Nel cuore della Francia si trova la città di Vichy. Non tutti sanno che è una delle capitali europee dello sport che pratico con tanta passione: il triathlon. Lì si è svolta una gara Challenge triathlon e, insieme a migliaia di atleti di tutto il mondo, c’ero anch’io, ed è lì che ho corso il mio primo Ironman. Crono 14:20’.

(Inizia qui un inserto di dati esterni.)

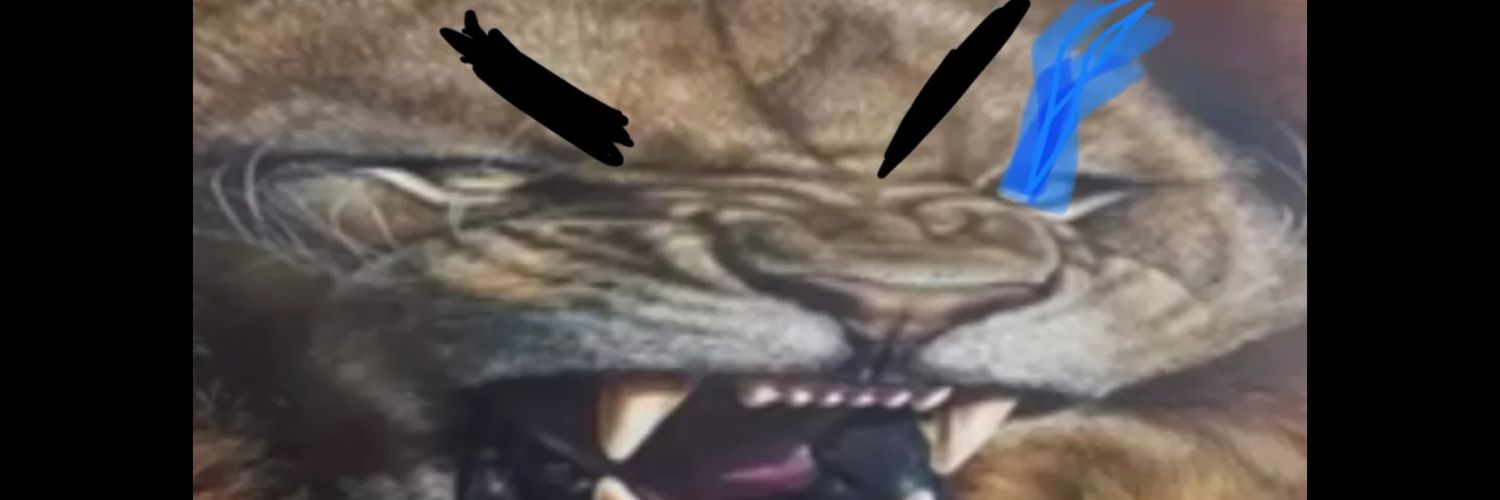 GabrielMWoodman's profile banner image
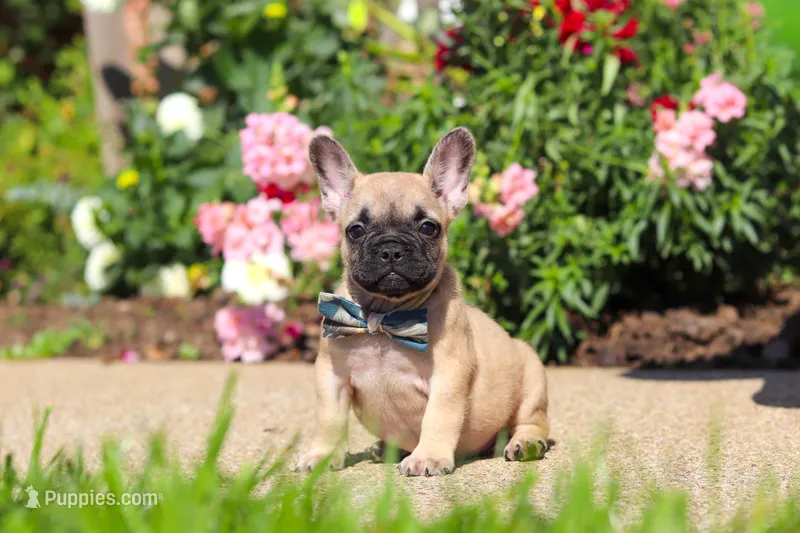 Brody – French Bulldog puppy for sale in Millersburg, OH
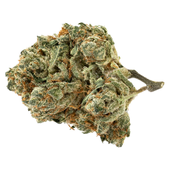Alien Pebbles (Alien OG x FPOG)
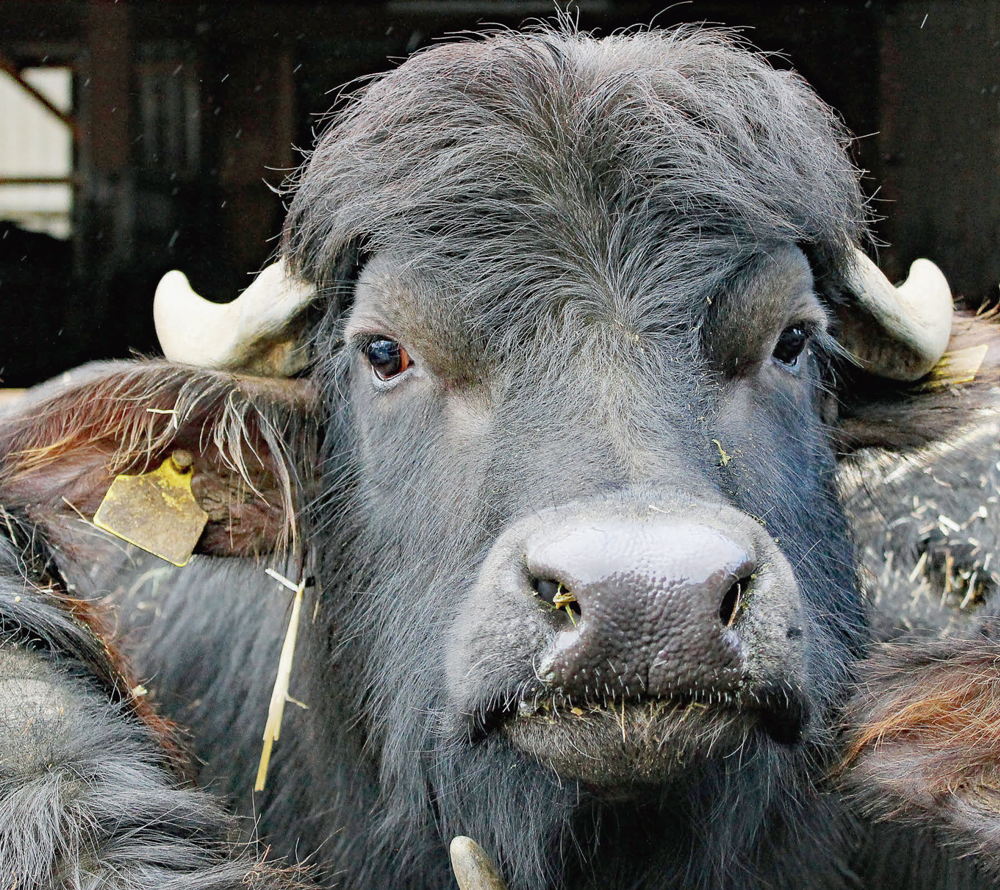 Des bufflonnes à Gollion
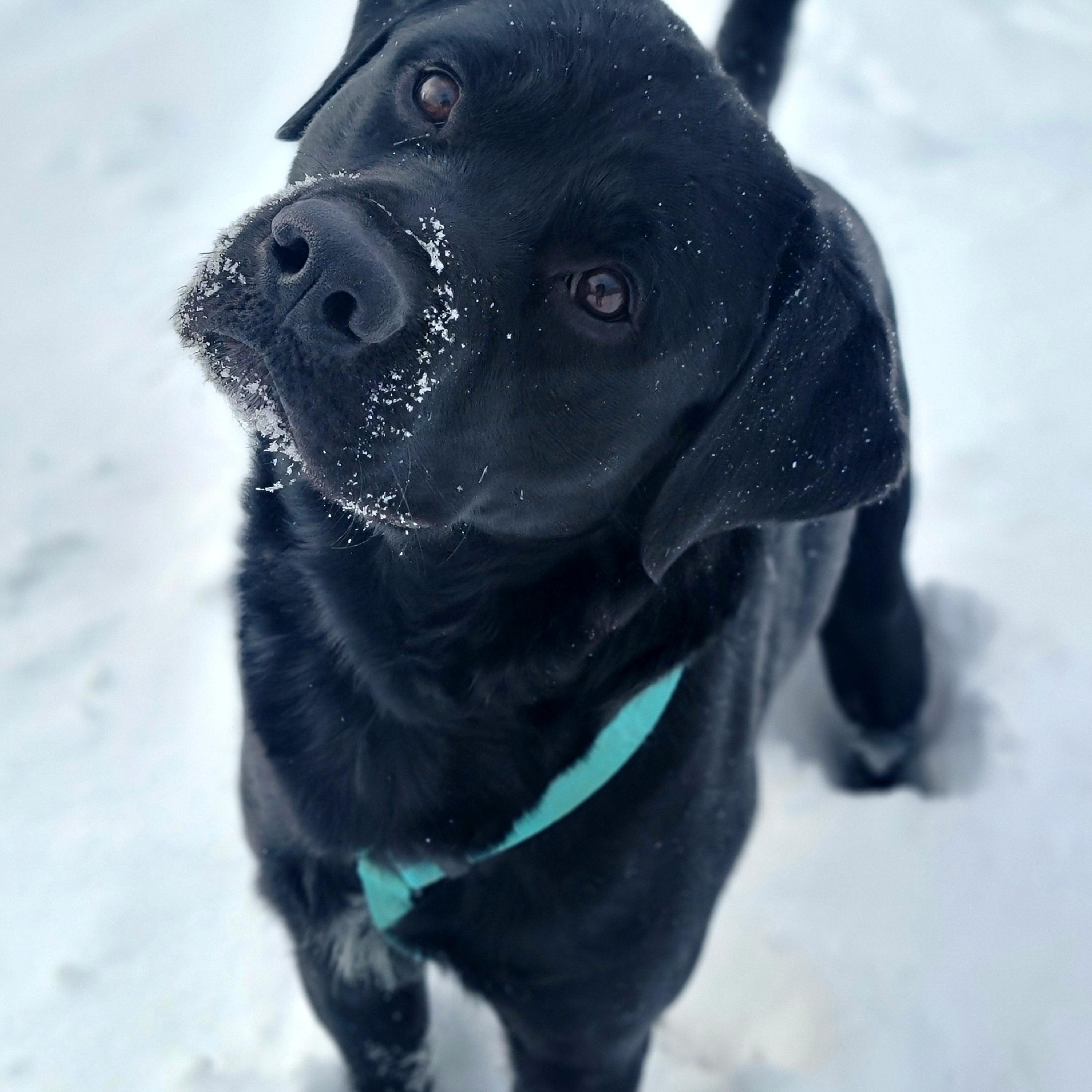 Doug, adopted, Adult Male Black Labrador Retriever.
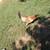 Pullets for sale 11 thumbnail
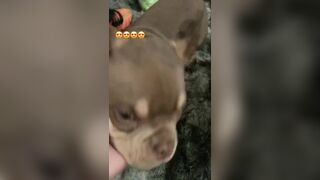 [507 of 2462 Vids] Edwinacarlaisaac (Edwina) OnlyFans Leaks Nude Ebony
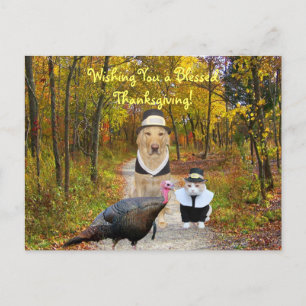 Customisable Funny Thanksgiving Postcard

Riguardo la prima prova, sono uscito dall’acqua terz’ultimo, soffrendo per via di una frattura alla clavicola procuratami in un incidente in bici proprio pochi mesi prima. Il secondo ostacolo sono stati i 180 km di bici, ma sono riuscito a tenere una media di 30 all’ora. Terza e ultima prova: la maratona. Ho corso i primi 25 km, tuttavia poi, per l’affaticamento, ho rallentato la corsa con fermate più lunghe ai ristori. È stato uno sforzo quasi sovraumano, ma è con gioia e col cuore pieno di orgoglio che mi dico di essere un finisher, un uomo dalla volontà di ferro, un Ironman.
Il traguardo raggiunto
Il traguardo raggiunto, però, si ottiene con tanto sforzo e allenamento quotidiano: sono diversi anni che pratico il triathlon, anche nei vari campionati italiani. A ottobre 2013 ho iniziato ad aumentare le distanze per allenarmi specificatamente per la gara di Vichy: migliaia di km mi aspettavano da percorrere a nuoto, in bici, a piedi. Gli allenamenti si sono interrotti per un periodo di 40 giorni, a seguito di una caduta in bici, l’incidente di cui ho detto prima, ma ho ripreso da dove avevo lasciato, raddoppiando l’impegno e l’intensità.
Piacere della vita
Tutto ciò non è stato solo uno sforzo ma anche un piacere della vita. Ho cominciato ad amare la corsa, il nuoto e la bici come mai prima: correndo per le capitali europee, nuotando coi delfini, pedalando sotto la neve. Se dovessi dire quale sia stato uno dei momenti più belli della mia esperienza da triatleta sceglierei senz’altro quello vissuto durante una gara di triathlon sprint: i miei figli erano ad aspettarmi all’arrivo e tagliai il traguardo con mia figlia per mano. Un caro saluto a tutti.
Firmato: Paolo Andriollo, un Ironman?